La riforma della giustizia cambia ma non troppo. Quel tanto necessario per consentire a tutti di rivendicare una vittoria e giustificare il voto di fiducia, nei primi giorni della prossima settimana. Il Pd ottiene la norma transitoria che era il suo cavallo di battaglia: per i primi tre anni, sino al 2024, i termini per l’improcedibilità saranno prolungati da 2 a 3 anni in appello e da 12 a18 mesi in Cassazione. Sarà possibile chiedere un ulteriore anno di proroga in appello e altri 6 mesi in Cassazione. A chiedere la proroga dovrà essere il giudice, in base alla complessità del processo o all’elevato numero delle parti coinvolte, con ordinanza contro la quale si potrà ricorrere in Cassazione. La capogruppo Pd Debora Serracchiani esulta: «Valutiamo con soddisfazione che la richiesta di maggiore gradualità sia stata condivisa dalla maggioranza e fatta propria dal governo». Ma su questo fronte non ci sono mai stati grossi problemi.
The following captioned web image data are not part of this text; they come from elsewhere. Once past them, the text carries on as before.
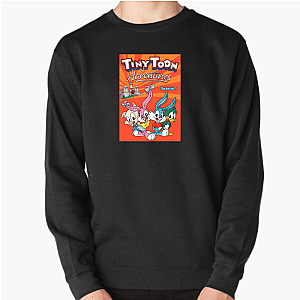 Tiny Toon Adventures Welcome To Acme Acres Tiny Toon Adventures Sweatshirts
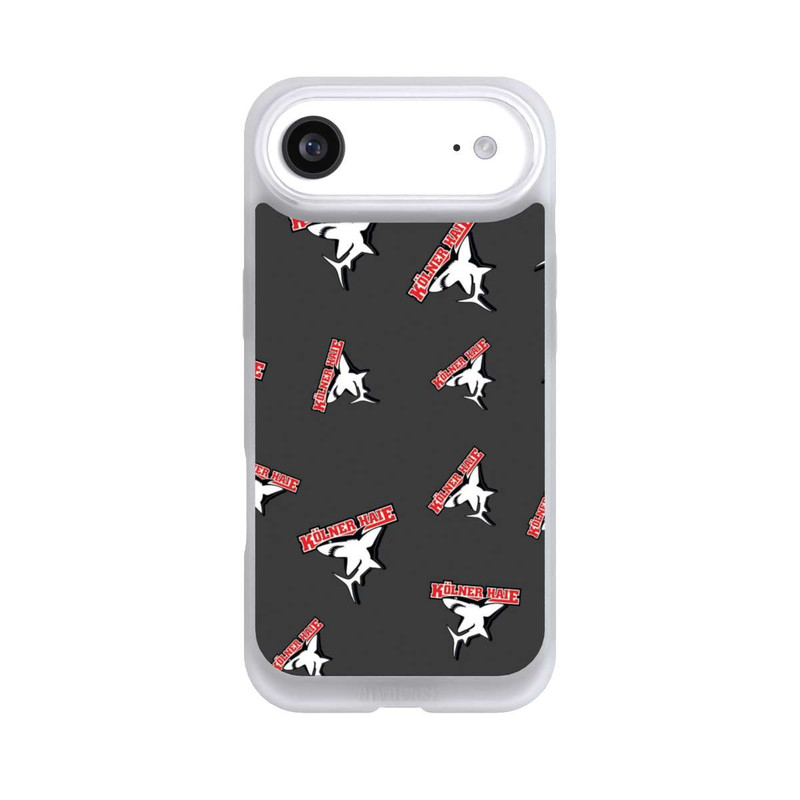 iPhone Air NIVOpure Kölner Haie dark
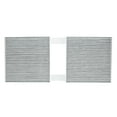 thumbnail image 4 of Air Filter Auto Cabin Air Filter 64319237157 Replacement Fits For X3 F25 SDrive, 4 of 8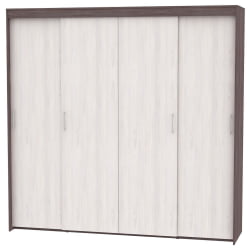 Шкаф-купе Т-5-230х235х45(ЯАТ-ЯАС-12) / T-5-230х235х45(ЯАТ-ЯАС-12)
TUTT’ALTRA musica con i 5S. Lì di problemi ce ne sono stati eccome, tanti da spingere il ministro Patuanelli, in continuo contatto con Conte, a minacciare l’astensione, sentendosi rispondere da Draghi che l’ipotesi era inaccettabile. Tanti da innescare un confronto diretto piuttosto duro tra il futuro leader, favorevole in mattinata all’astensione, e Di Maio: «Se ci asteniamo in cdm poi dobbiamo farlo anche sulla fiducia e quel punto diventiamo come FdI«». La trincea dei 5S, decisa da Conte, era il primo comma dell’art.416, quello che riguarda i reati di mafia. Nella bozza presentata in mattinata dal governo era previsto lo stralcio dell’improcedibilità per il secondo e terzo comma, quelli sull’associazione mafiosa e sul voto di scambio ma non sul primo, quello sul concorso esterno e l’aggravante mafiosa. Fattispecie di reato impalpabili, che concedono ai pm la facoltà di distribuire imputazioni di mafia più o meno a piacimento.
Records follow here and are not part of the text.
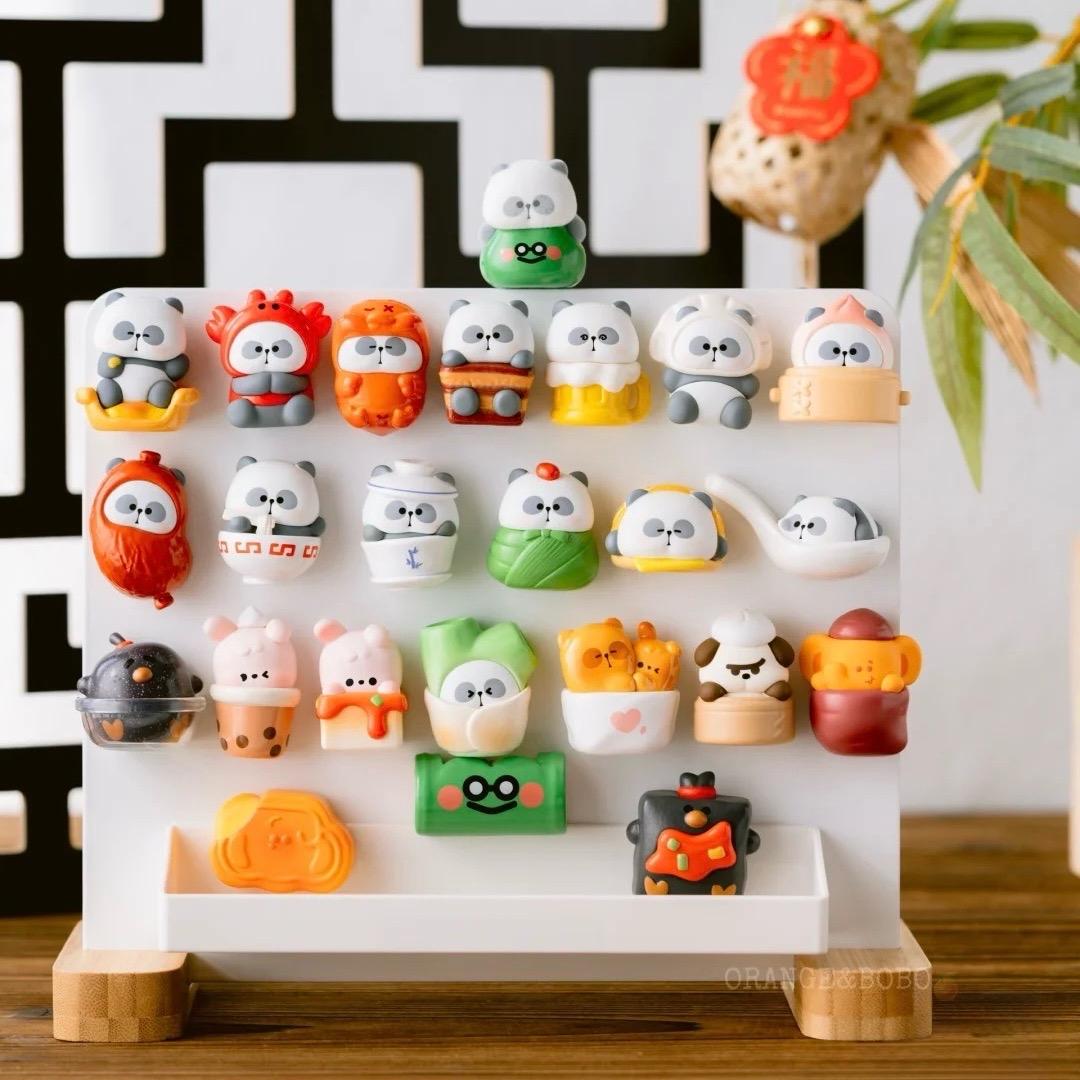 MR PA Food Series BLIND BAG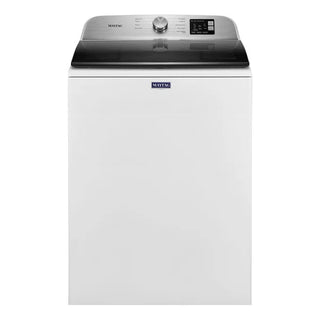 Maytag 5.5 cu ft. White Top Load Washer with Deep Fill option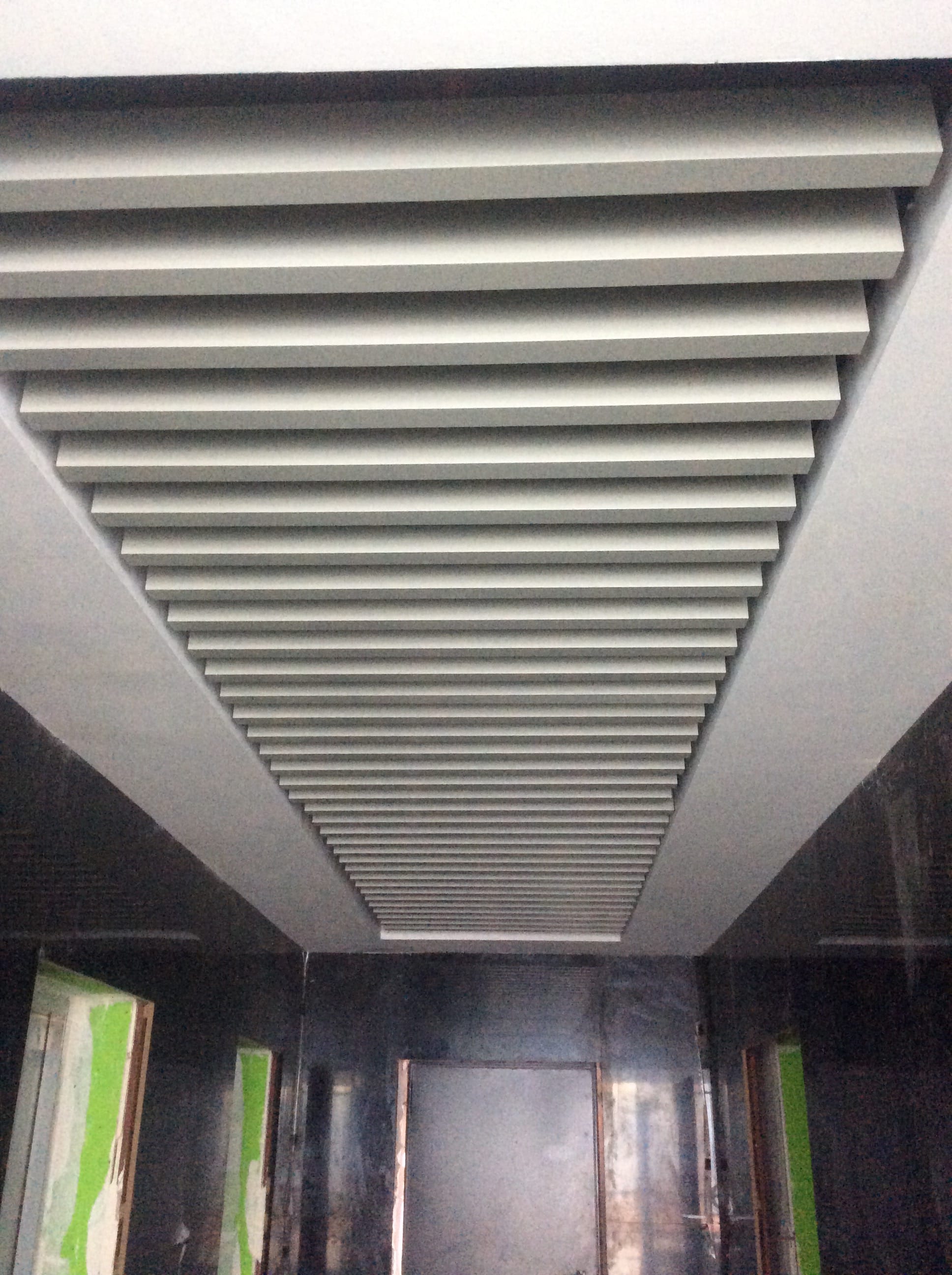 Fit-Out — uygulama detayı 143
I 5S SI SONO impuntati aggiungendo un cospicuo pacchetto di richieste, in particolare la cancellazione degli indirizzi annuali del Parlamento sui criteri in base ai quali decidere le priorità dei reati da perseguire e il raddoppio dei tempi, da 2 a 4 anni per i reati contro la Pubblica amministrazione. Il governo ha bocciato le ulteriori richieste. La Lega ha resistito sul concorso esterno. Alla fine la mediazione è di quelle misurate col bilancino. Per i reati ai sensi del 416 bis e ter il giudice può prorogare di anno in anno all’infinito, sempre con decisione motivata e passibile di ricorso. Per quelli che rientrano nella sfera del primo comma, invece le proroghe possono essere solo due. Conte, alla fine si dichiara soddisfatto: «Non è la nostra riforma ma l’abbiamo migliorata. Abbiamo detto che su mafia e terrorismo non si può transigere e l’abbiamo ottenuto. Sono fiducioso sulla compattezza del M5S in aula». Senza risparmiasi una frecciata al curaro contro la Lega: «Spiace che abbia resistito sui reati di mafia».
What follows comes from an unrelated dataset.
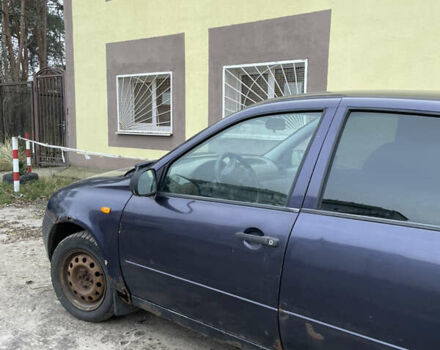 Фиолетовый ВАЗ Калина, объемом двигателя 1.6 л и пробегом 200 тыс. км за 700 $, фото 1 на Automoto.ua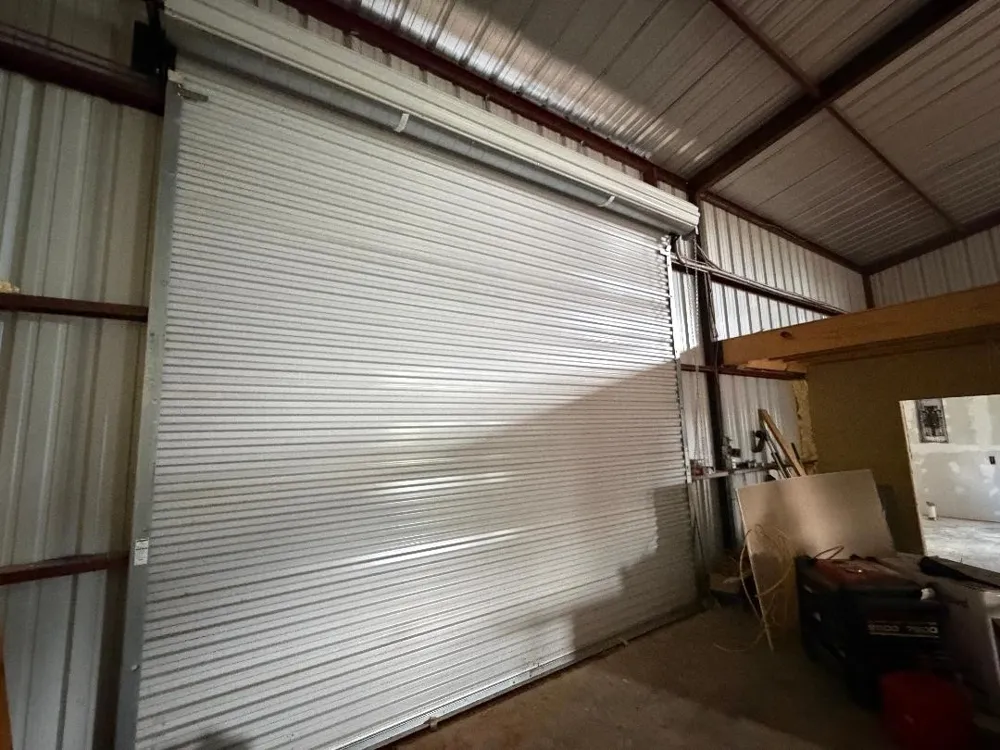 387 W CR 1627 AVENUE Meridian, TX 76634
LA LEGA PORTA a casa l’improcedibilità cancellata per la violenza sessuale e il traffico di stupefacenti, anche se qui bisognerà vedere i particolari. La ministra Cartabia ha parlato infatti di «traffico internazionale» e dunque la mannaia del fine processo mai non dovrebbe abbattersi anche sul piccolo traffico. In ogni caso, il Carroccio risponde per le rime: «Tutte falsità. Sono a lutto per il superamento della Bonafede». Nota dolentissima per i 5S sulla quale martellano anche per Iv e Fi, ma senza smuovere Conte che il punto della bandiera lo ha ottenuto e si accontenta.

TUTTI SODDISFATTI. Tutti impegnati a mitragliare commenti trionfalistici, sottolineando ciascuno quanto sia invece andata malissimo alla controparte. In concreto significa che c’è un solo vincitore: Mario Draghi. Voleva che il testo della riforma, che a questo punto andrà in aula domenica, fosse condiviso da tutti, senza astensioni. Ha ottenuto il risultato dopo ore di trattative frenetiche. Riunioni del cdm, della commissione Giustizia, della conferenza dei capigruppo di Montecitorio iniziate in ritardo, sospese, riprese a singhiozzo, interrotte di nuovo, mentre dal plenum del Csm arrivavano in successione prima la bordata durissima sulla prescrizione poi la bocciatura, altrettanto drastica dell’intera riforma. Alla fine Draghi l’ha spuntata ma, come sempre quando si moltiplicano le mediazioni, a prezzo di qualche vistosa irrazionalità. Come quella per cui la prescrizione per reati aleatori come il traffico d’influenze non c’è. Per il disastro ambientale invece sì.